**Work required**
Among the lines below, the one containing "Santas Favorite Teacher" opens the range and the one containing "Victorinox V-7 Swiss" closes it. Print that range exactly, without the pictures.

**Exercise materials**
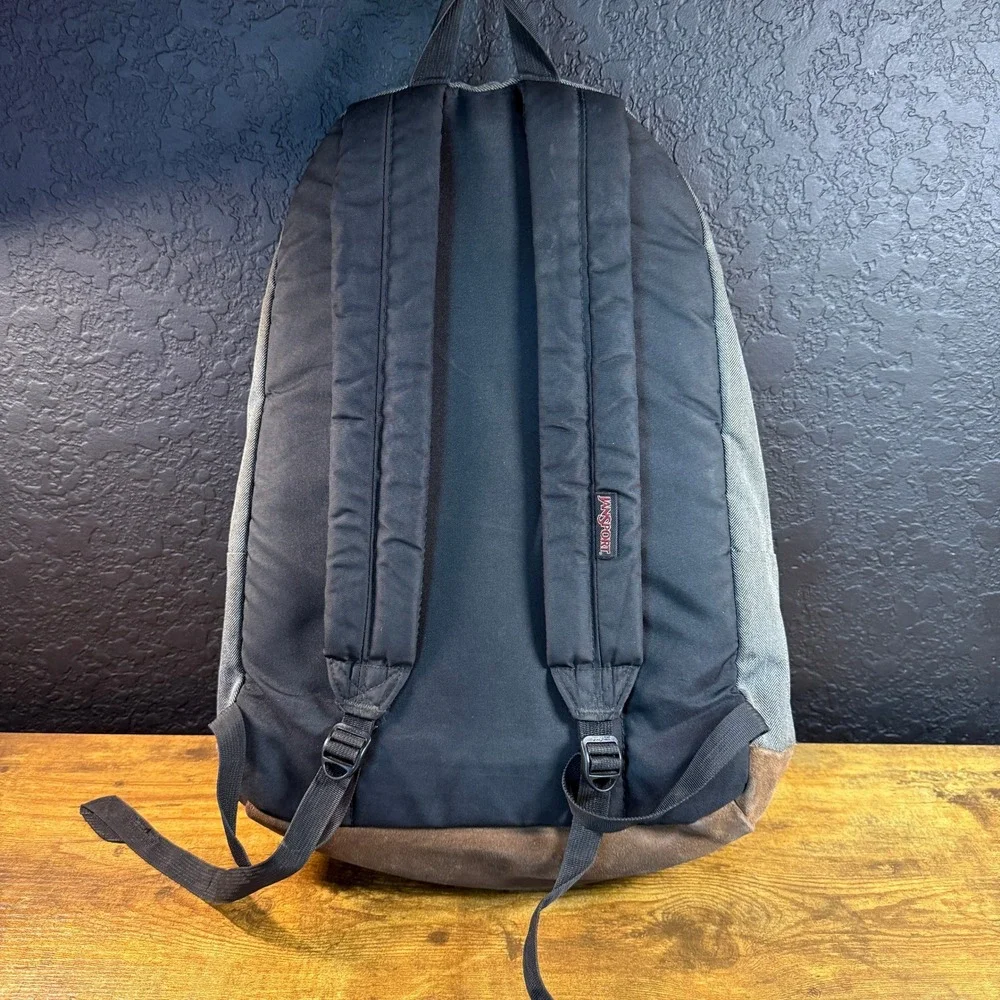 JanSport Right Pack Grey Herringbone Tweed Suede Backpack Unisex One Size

...

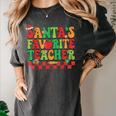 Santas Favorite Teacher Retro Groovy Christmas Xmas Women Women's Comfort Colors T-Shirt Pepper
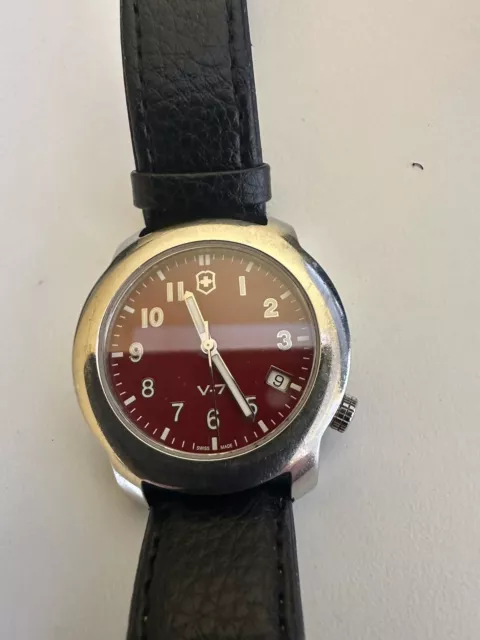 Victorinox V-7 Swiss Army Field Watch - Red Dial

==

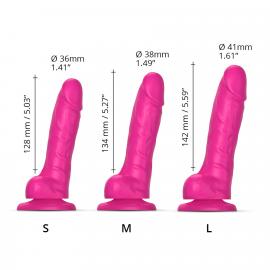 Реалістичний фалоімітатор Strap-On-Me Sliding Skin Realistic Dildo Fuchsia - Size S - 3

**Answer to the exercise**
 Santas Favorite Teacher Retro Groovy Christmas Xmas Women Women's Comfort Colors T-Shirt Pepper
 Victorinox V-7 Swiss Army Field Watch - Red Dial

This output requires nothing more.